Binary Latent Diffusion

Ze Wang,Jiang Wang,Zicheng Liu,Qiang Qiu
2023-04-11
Abstract:In this paper, we show that a binary latent space can be explored for compact yet expressive image representations. We model the bi-directional mappings between an image and the corresponding latent binary representation by training an auto-encoder with a Bernoulli encoding distribution. On the one hand, the binary latent space provides a compact discrete image representation of which the distribution can be modeled more efficiently than pixels or continuous latent representations. On the other hand, we now represent each image patch as a binary vector instead of an index of a learned cookbook as in discrete image representations with vector quantization. In this way, we obtain binary latent representations that allow for better image quality and high-resolution image representations without any multi-stage hierarchy in the latent space. In this binary latent space, images can now be generated effectively using a binary latent diffusion model tailored specifically for modeling the prior over the binary image representations. We present both conditional and unconditional image generation experiments with multiple datasets, and show that the proposed method performs comparably to state-of-the-art methods while dramatically improving the sampling efficiency to as few as 16 steps without using any test-time acceleration. The proposed framework can also be seamlessly scaled to $1024 \times 1024$ high-resolution image generation without resorting to latent hierarchy or multi-stage refinements.
Computer Vision and Pattern Recognition
What problem does this paper attempt to address?

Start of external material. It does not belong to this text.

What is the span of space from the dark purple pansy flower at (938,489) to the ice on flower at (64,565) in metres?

The paper primarily aims to address the following issues: 1. **Efficiently generating high-quality images**: Investigating how to reduce computational costs in the generation process while maintaining or improving image quality, especially in high-resolution image generation. 2. **Overcoming the limitations of existing models**: Proposing new solutions to address problems in existing generative models (such as GANs, VAEs, etc.), including unstable training and insufficient mode coverage. 3. **Exploring compact and expressive image representation methods**: Using binary latent space to represent images, achieving more efficient distribution modeling and effective image generation. 4. **Improving diffusion models**: Developing diffusion models specifically for binary latent space to better handle image generation tasks, particularly in modeling multivariate Bernoulli distributions. Specifically, the paper proposes a framework based on binary latent space for learning compact binary representations of images and develops a binary latent diffusion model on this basis, capable of generating high-quality images in fewer diffusion steps. Additionally, this method can effectively scale to high-resolution image generation tasks without the need for complex hierarchical structures or multi-stage refinement processes. In summary, the goal of the paper is to improve the quality and efficiency of image generation by introducing a novel binary latent space representation method and corresponding diffusion model, while addressing some limitations of existing models.